Trading in shares of Petrobras opened more than an hour and a half after the rest of companies on the Bovespa index .BVSP on Friday.
The bourse's chief executive, Edemir Pinto, said the delay was ordered to ensure time for the market to digest the news.
"We are doing everything to ensure the small, medium and large-scale investors have transparency in relation to this issue," he said.
Credit Suisse Securities said Petrobras could be barred from accessing bond markets in the United States. It estimated the company might need to borrow as much as $20 billion from bond investors to finance projects next year.
The price on Petrobras' global bond due in 2024 tumbled to 100.75 cents on the dollar early on Friday, down from 104.5 cents in the previous session, amid concerns of a default.
Brazil's sovereign bonds also slumped on the news.
Petrobras said it planned to release unaudited results on Dec. 12. It did not set a date for publishing audited results, saying it would try to do so as soon as possible and would inform investors 15 days in advance.
Local newspaper Estado de S. Paulo reported earlier this month that PriceWaterhouseCoopers, which audits Petrobras' earnings, had refused to sign off on the third-quarter statement without a more in-depth internal investigation.
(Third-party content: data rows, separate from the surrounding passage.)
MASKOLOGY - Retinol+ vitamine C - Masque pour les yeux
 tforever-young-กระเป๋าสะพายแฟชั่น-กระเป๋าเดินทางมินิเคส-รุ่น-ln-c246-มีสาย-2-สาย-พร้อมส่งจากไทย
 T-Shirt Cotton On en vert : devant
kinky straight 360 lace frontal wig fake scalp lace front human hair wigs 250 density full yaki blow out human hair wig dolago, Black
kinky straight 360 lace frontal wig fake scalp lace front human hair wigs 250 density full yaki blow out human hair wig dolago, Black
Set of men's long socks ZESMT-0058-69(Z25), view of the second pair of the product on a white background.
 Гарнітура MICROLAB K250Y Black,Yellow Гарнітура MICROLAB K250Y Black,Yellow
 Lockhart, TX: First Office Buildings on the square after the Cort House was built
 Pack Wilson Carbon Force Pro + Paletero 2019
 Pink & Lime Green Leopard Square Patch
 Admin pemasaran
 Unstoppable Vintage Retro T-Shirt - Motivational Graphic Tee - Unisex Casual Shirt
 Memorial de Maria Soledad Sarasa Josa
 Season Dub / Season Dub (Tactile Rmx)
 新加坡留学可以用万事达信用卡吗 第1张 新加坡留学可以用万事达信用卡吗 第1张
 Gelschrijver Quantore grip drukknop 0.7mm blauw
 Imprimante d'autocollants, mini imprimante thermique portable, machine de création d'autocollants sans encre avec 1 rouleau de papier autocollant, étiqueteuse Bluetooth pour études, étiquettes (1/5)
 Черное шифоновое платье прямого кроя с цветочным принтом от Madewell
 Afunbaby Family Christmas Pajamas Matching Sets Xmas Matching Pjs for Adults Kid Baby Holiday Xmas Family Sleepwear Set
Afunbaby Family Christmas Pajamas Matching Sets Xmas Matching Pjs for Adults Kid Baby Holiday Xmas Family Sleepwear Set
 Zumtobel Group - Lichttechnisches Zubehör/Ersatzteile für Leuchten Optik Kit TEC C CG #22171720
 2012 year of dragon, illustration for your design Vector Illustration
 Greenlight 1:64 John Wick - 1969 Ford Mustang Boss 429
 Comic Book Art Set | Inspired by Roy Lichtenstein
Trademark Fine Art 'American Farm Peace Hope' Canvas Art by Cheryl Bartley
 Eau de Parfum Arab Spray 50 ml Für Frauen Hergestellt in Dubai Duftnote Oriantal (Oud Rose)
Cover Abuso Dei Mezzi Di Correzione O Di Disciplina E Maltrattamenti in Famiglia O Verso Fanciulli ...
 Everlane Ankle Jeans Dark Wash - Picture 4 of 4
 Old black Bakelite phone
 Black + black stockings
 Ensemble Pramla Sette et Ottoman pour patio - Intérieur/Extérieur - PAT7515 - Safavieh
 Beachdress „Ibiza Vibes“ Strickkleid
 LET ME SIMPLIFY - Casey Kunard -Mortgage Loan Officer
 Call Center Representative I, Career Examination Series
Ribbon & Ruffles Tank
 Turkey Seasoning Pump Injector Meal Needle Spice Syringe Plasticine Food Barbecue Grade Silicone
Petrobras hired Brazilian law firm Trench, Rossi and Watanabe and global law firm Gibson, Dunn & Crutcher last month to investigate possible deviations of company resources.
Some 300 police officers and 60 tax fraud agents were deployed in five states and the capital Brasilia on Friday.
The investigation, dubbed "Operation Car Wash," was first launched in March as police investigated the alleged money laundering scheme.
The scandal has put pressure on leftist President Dilma Rousseff, who narrowly won re-election last month. Rousseff was chairwoman of the Petrobras board between 2003 and 2010.
Rousseff has pledged "not to leave a stone unturned" in investigating and punishing those involved in the graft scheme.
Paulo Roberto Costa, a former Petrobras executive previously jailed in the case, has said in a plea-bargain deal that kickbacks of three percent from contracts were funneled to Rousseff's Worker's Party and its allies in Congress during his time as head of refining between 2004 and 2012. Police say some 10 billion reais ($3.84 billion) was skimmed off contracts.Police said on Friday the offices of seven companies, that had contracts worth billions of dollars with Petroleo Brasileiro SA, as the company is formally known, were being searched.
Odebrecht, a major construction firm, said its offices in Rio de Janeiro had been searched and documents seized. It said it was complying fully with the police investigation.
Another construction firm, Mendes Junior, said police officials had been at its offices in Sao Paulo.